Exercise prompt
All the lines below need to be transcribed exactly. Pictures get left out.

Information provided
□ □ □ □ □ □ □
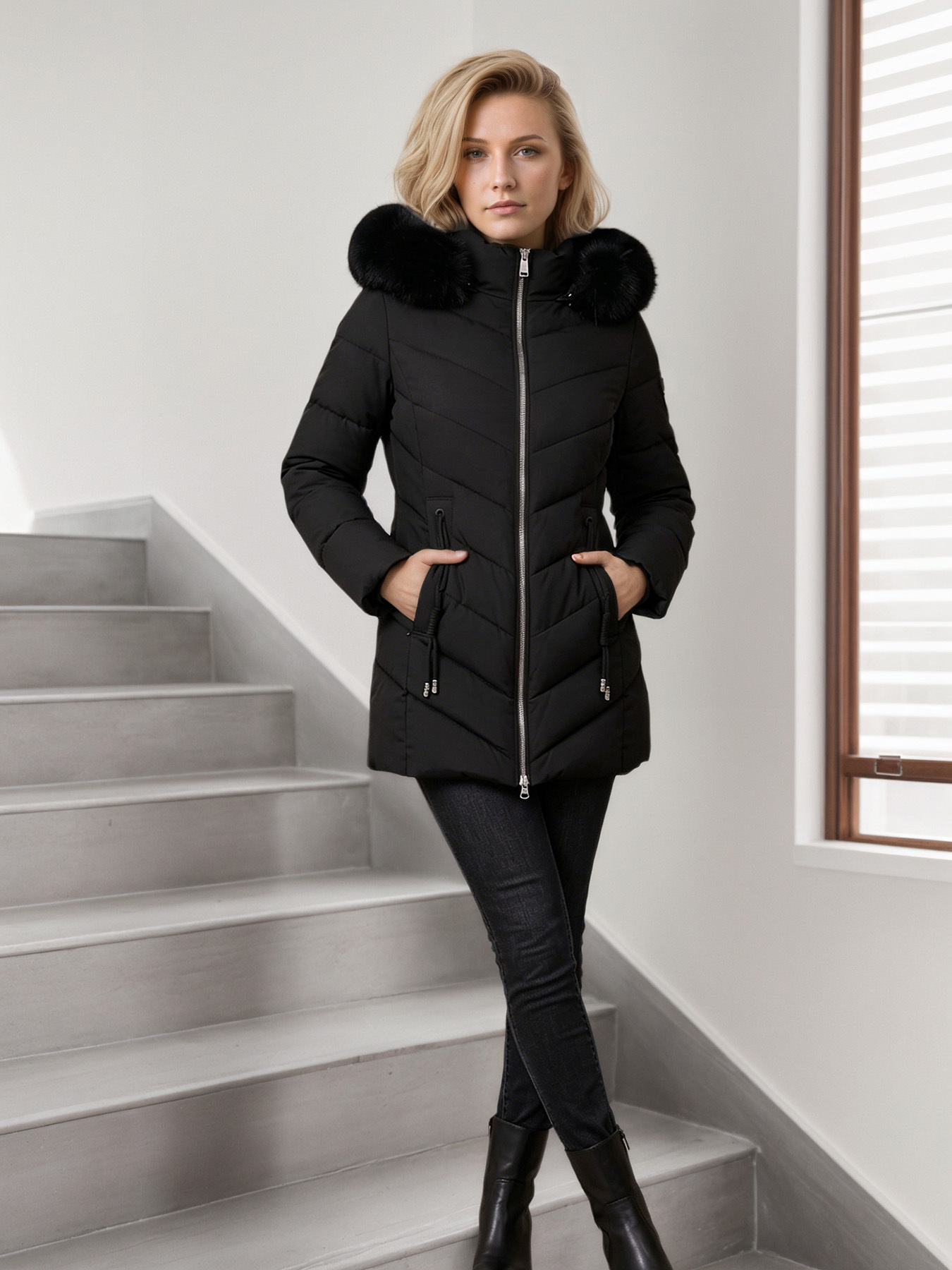 Hooded Slim-fit Versatile Down Jacket For Women photo 2
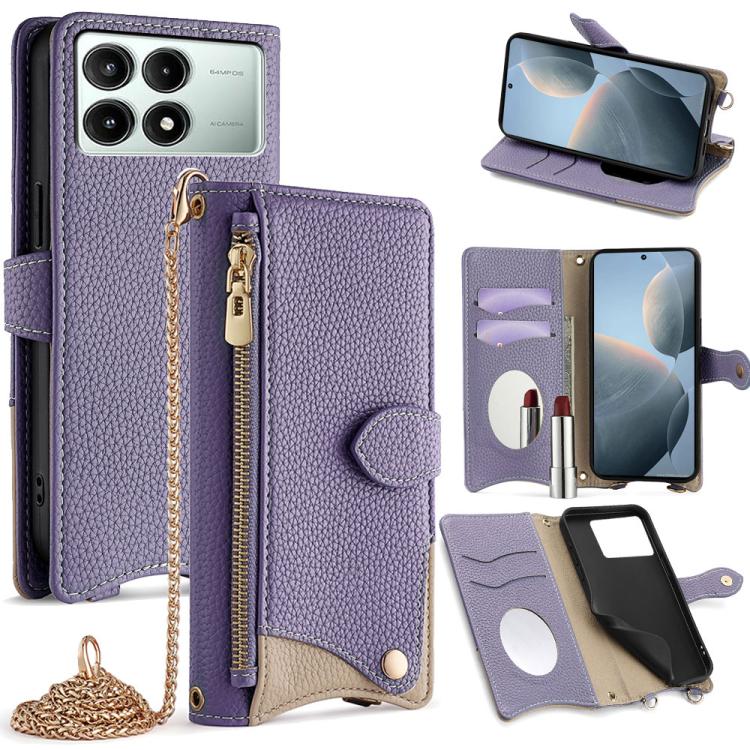 Crossbody Chain Fishtail Litchi Leather Phone Case, For Redmi K90, For Redmi K90 Pro Max, For Redmi 15C 5G / 4G EU 173mm / Poco C85 5G, For Redmi 15C 5G / 4G Global 171mm / Poco C85 4G, For Redmi K80 Ultra, For Redmi A5 4G 171.7mm, For Redmi Note 14S 4...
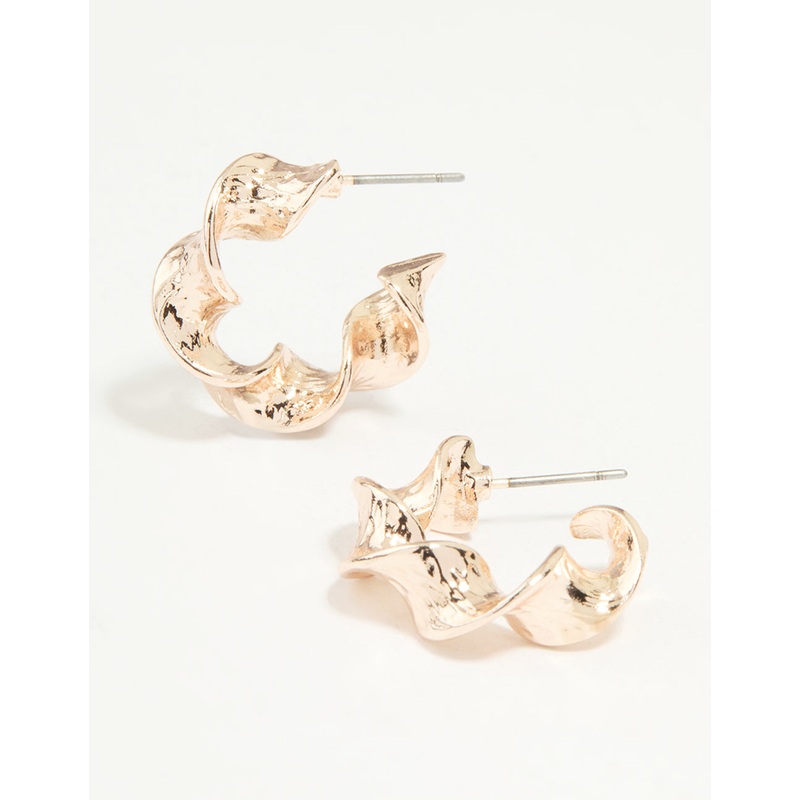 Rose Gold Organic Twisted Hoop Earrings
□ □ □ □ □ □ □
Output of the task
 Hooded Slim-fit Versatile Down Jacket For Women photo 2
 Crossbody Chain Fishtail Litchi Leather Phone Case, For Redmi K90, For Redmi K90 Pro Max, For Redmi 15C 5G / 4G EU 173mm / Poco C85 5G, For Redmi 15C 5G / 4G Global 171mm / Poco C85 4G, For Redmi K80 Ultra, For Redmi A5 4G 171.7mm, For Redmi Note 14S 4...
 Rose Gold Organic Twisted Hoop Earrings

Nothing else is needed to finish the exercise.